#ubuntu-qc 2011-09-26
<sipherdee> cyphermox: jusqu'à maintenant je me suis surtout impliqué du côté de kde mais je suis ne suis pas fermé à gnome etj'ai de l'intérêt à rencontrer le monde.
#ubuntu-qc 2011-09-27
<qwebirc39057> qq'un sait comment capter et enregistrer les vidéos de Radio-can avec ubuntu ?
<cyphermox> qwebirc39057: tu veux dire du site web?

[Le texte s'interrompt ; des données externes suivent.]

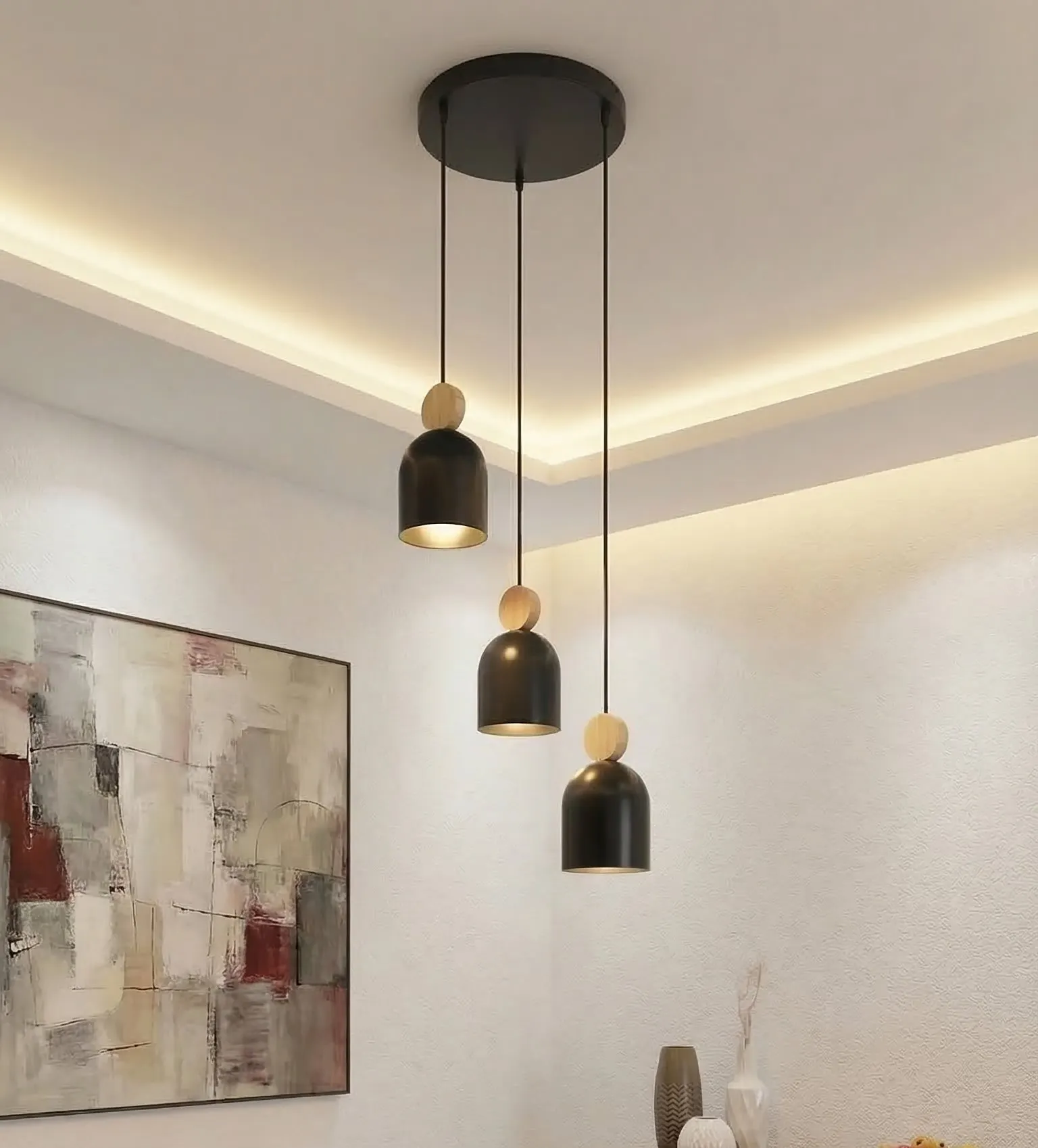 lampa wisząca, pionowe zawieszenie, czarne abażury, drewniane dekielki, minima dekoracyjne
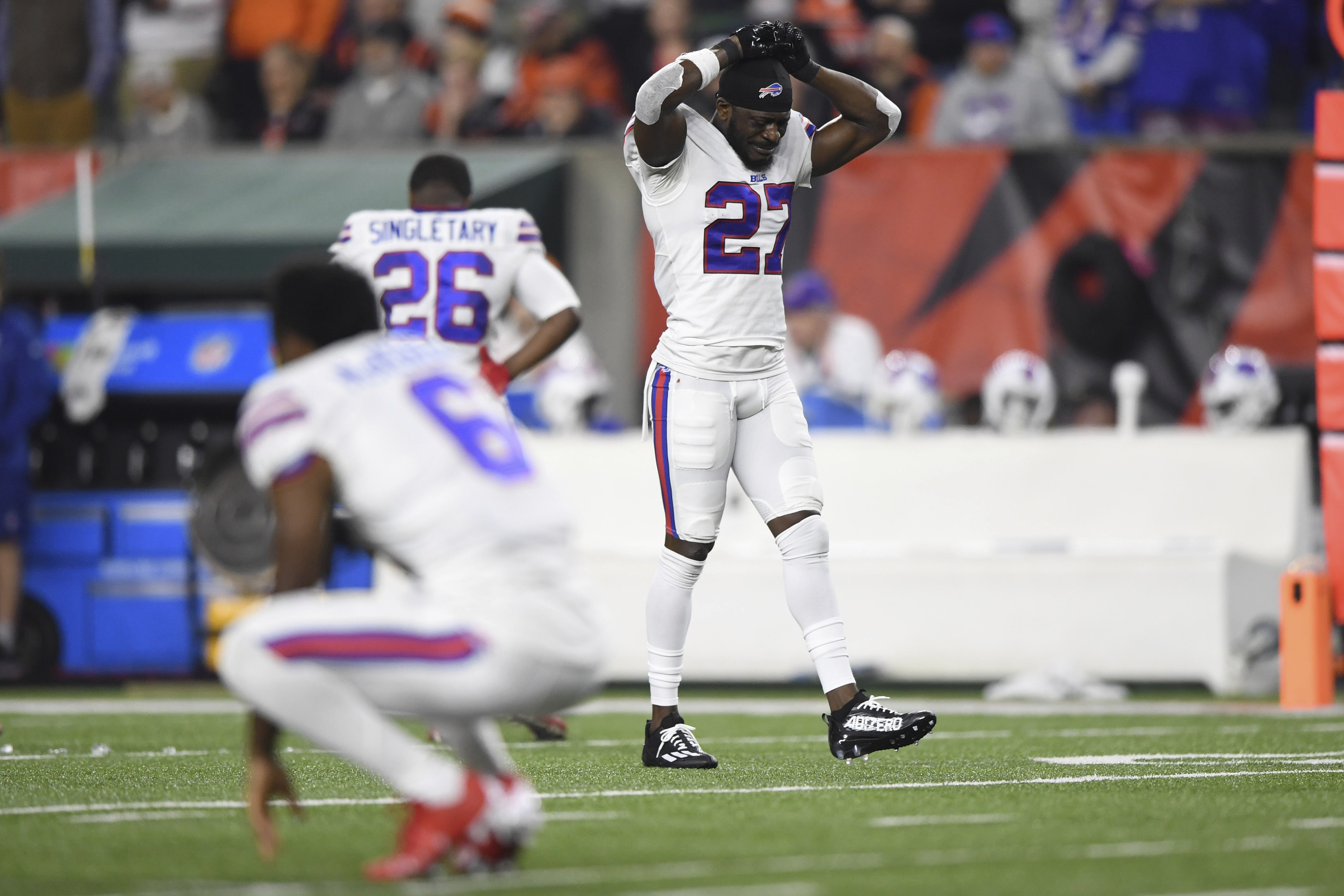 NFL players, teams react after Damar Hamlin collapses during Monday Night  Football - Sactown Sports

<avoine> qwebirc39057: malheureusement, je crois que l'on ne peut pas
<avoine> ça utilise un truc microsoft qui bloque dans linux
<avoine> je vais me reseigner
#ubuntu-qc 2011-09-28
<d2_racing> bonsoir
<IdleOne> bonsoir d2_racing 
<d2_racing> ça va IdleOne 
<IdleOne> pas pire, toi?
<d2_racing> très bien merci
<d2_racing> sais-tu quand Ubuntu 11.10 sort officiellement ?
<IdleOne> le 13 Ocotbre
<IdleOne> Octobre*
<d2_racing> good merci pour l'info
<IdleOne> no problemo mi amigo :)
#ubuntu-qc 2011-09-29
<dejuren> komputes: ping
<komputes> dejuren: hey drago
<dejuren> komputes: hey david... any news abt Oct release party?
<komputes> dejuren: cyphermox told me it was going to be at St Sulplice, after the release
<dejuren> komputes: do you have a date?
<dejuren> cyphermox: ^^
<cyphermox> the week after, so Oct 20 or 21?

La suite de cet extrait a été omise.